▸ **PROVIDED INFORMATION**
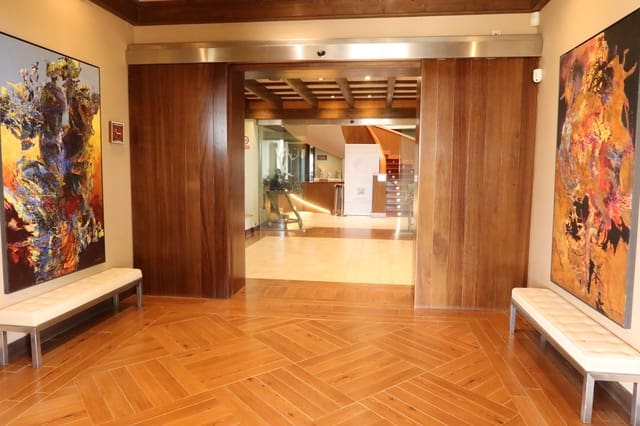 4 makuuhuone Huoneisto myytävänä paikassa Valle Romano Golf, Estepona mukana uima-altaan - 319 000 € (Ref: 9288120)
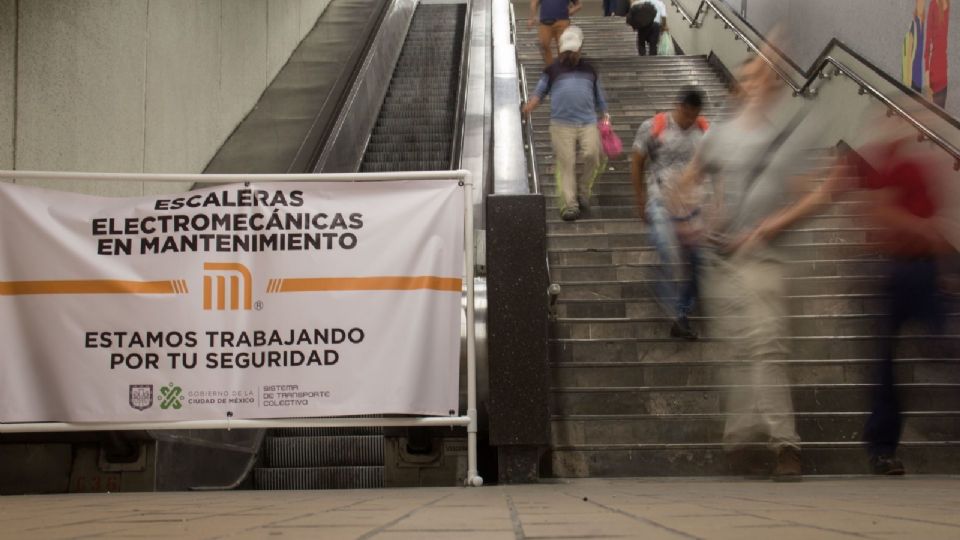 Orina, ¿causa de las fallas en las escaleras eléctricas del Metro?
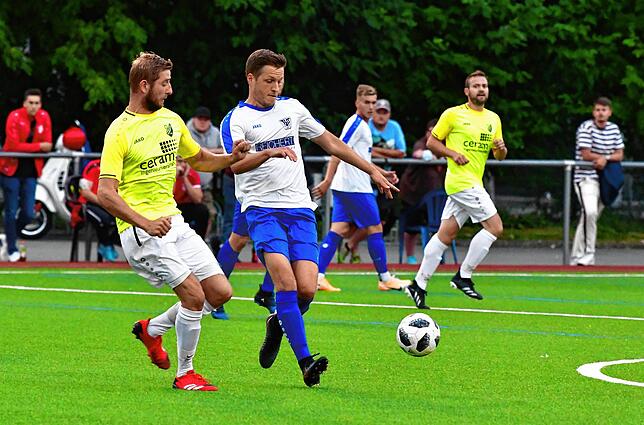 Bild 6: TuS Stetten setzt sich mit 4:1 im Rothaus-Bezirkspokal gegen den SV Eschbach durch &ndash; und wir haben Bilder!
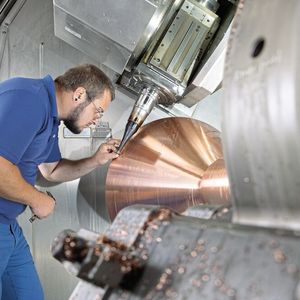 The internal coolant supply directs the coolant to both flanks of the cutting edges. This enables, in addition to high precision and tool life, the flushing of chips from the narrow slots.(Source:  Horn/Sauermann)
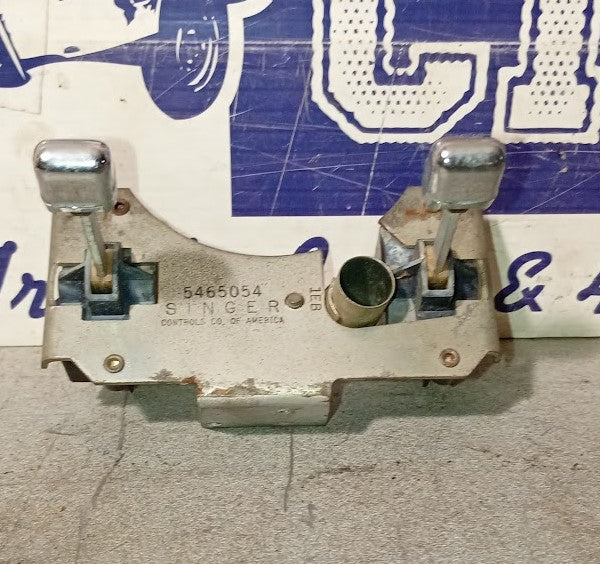 Switch Rear Window & Rear Defroster for Tailgate Jeep SJ Cherokee 5465054 #2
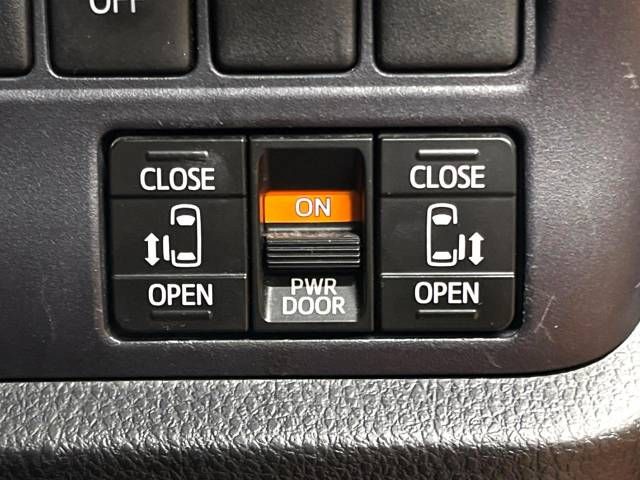 Toyota VOXY 2015-10 193044-5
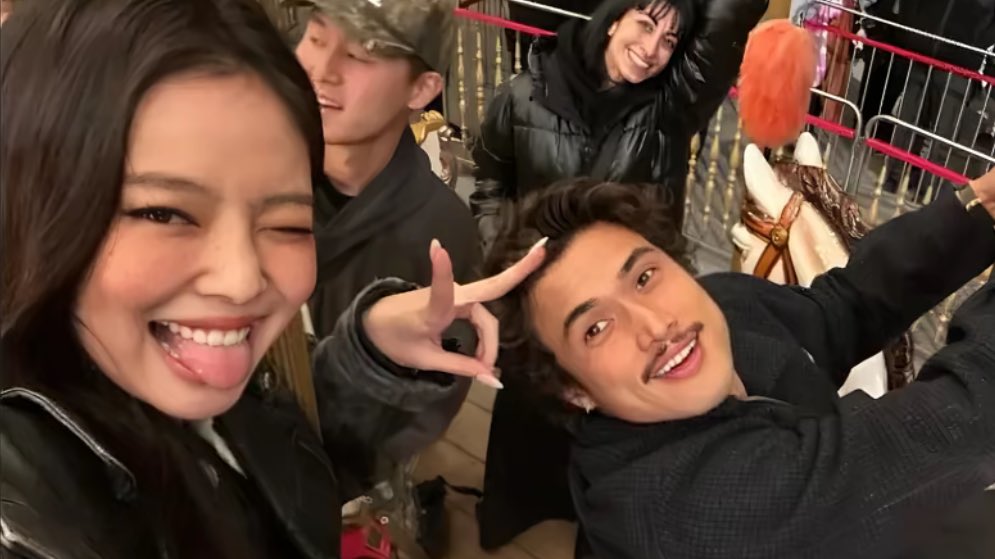 jnkrealcunt's tweet image. Mrs Kim and Mr Kim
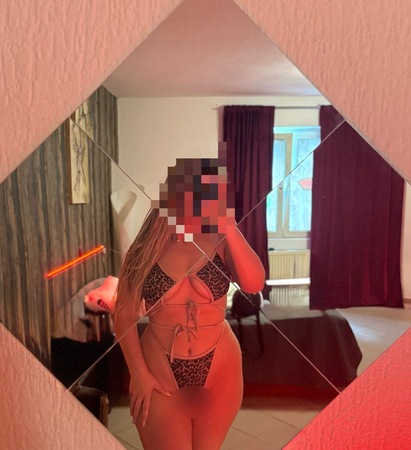 Selena - Crazy Sexy, Wiesbaden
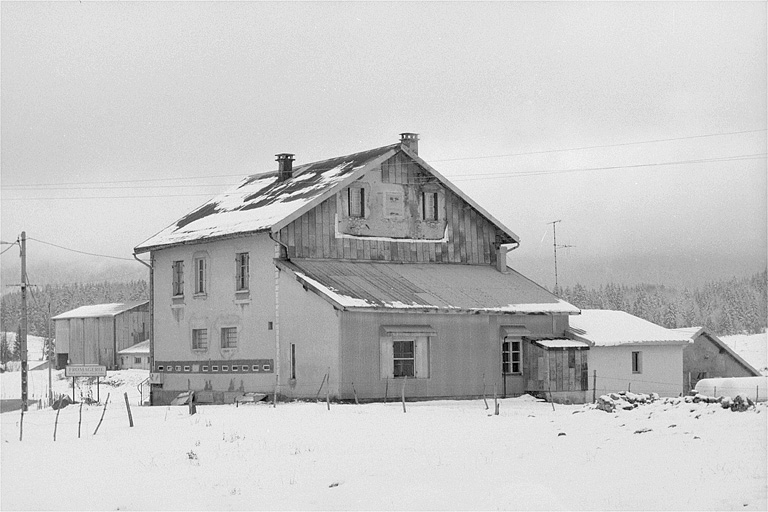 Fromagerie : façades postérieure et latérale droite.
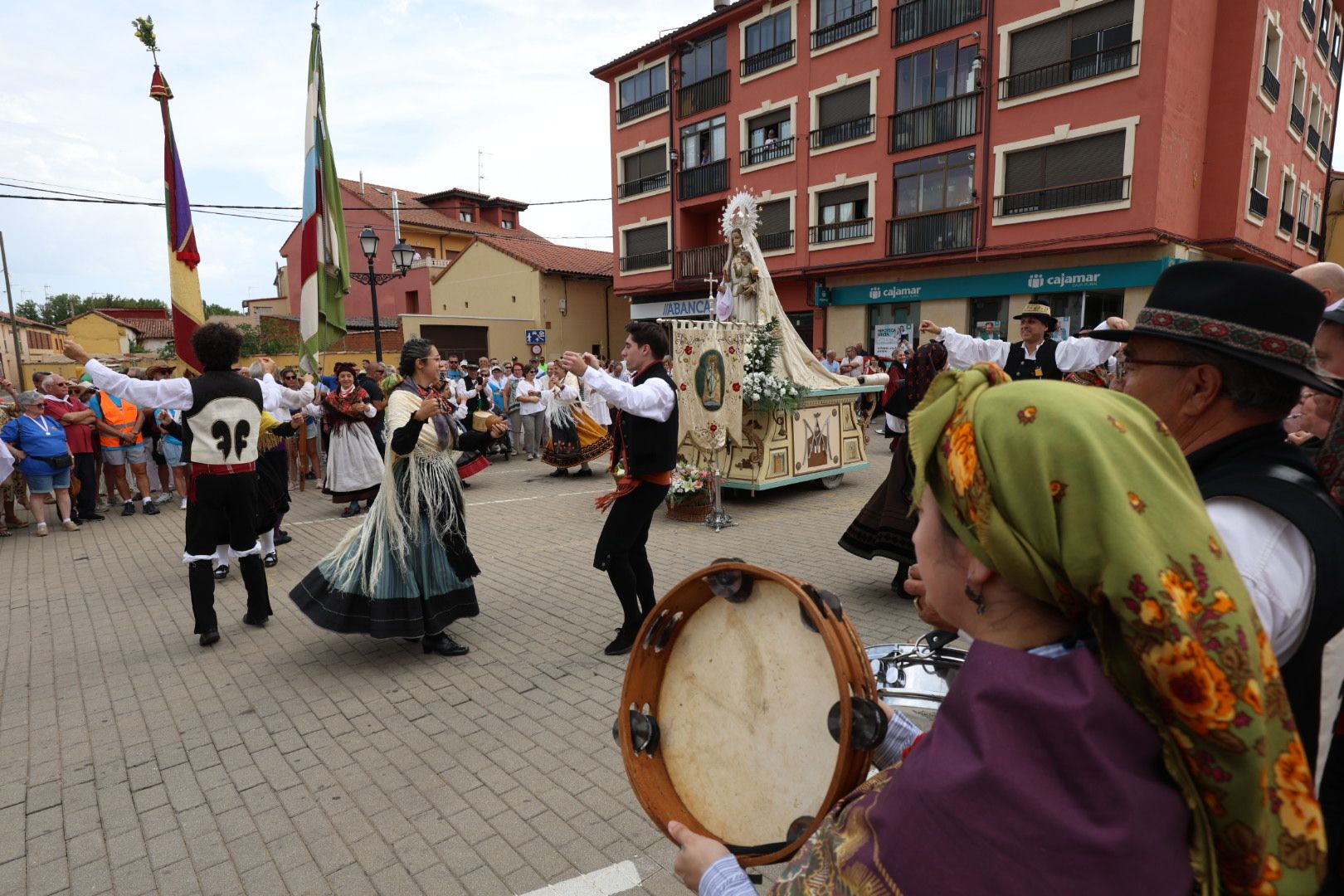 La Romería de Pendones Leoneses de Mansilla de Las Mulas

▸ **WHAT THE TASK ASKS**
For each record, return its text exactly and leave any picture out.

▸ **ANSWER SPACE**
 4 makuuhuone Huoneisto myytävänä paikassa Valle Romano Golf, Estepona mukana uima-altaan - 319 000 € (Ref: 9288120)
 Orina, ¿causa de las fallas en las escaleras eléctricas del Metro?
 Bild 6: TuS Stetten setzt sich mit 4:1 im Rothaus-Bezirkspokal gegen den SV Eschbach durch &ndash; und wir haben Bilder!
 The internal coolant supply directs the coolant to both flanks of the cutting edges. This enables, in addition to high precision and tool life, the flushing of chips from the narrow slots.(Source:  Horn/Sauermann)
 Switch Rear Window & Rear Defroster for Tailgate Jeep SJ Cherokee 5465054 #2
 Toyota VOXY 2015-10 193044-5
 jnkrealcunt's tweet image. Mrs Kim and Mr Kim
 Selena - Crazy Sexy, Wiesbaden
 Fromagerie : façades postérieure et latérale droite.
 La Romería de Pendones Leoneses de Mansilla de Las Mulas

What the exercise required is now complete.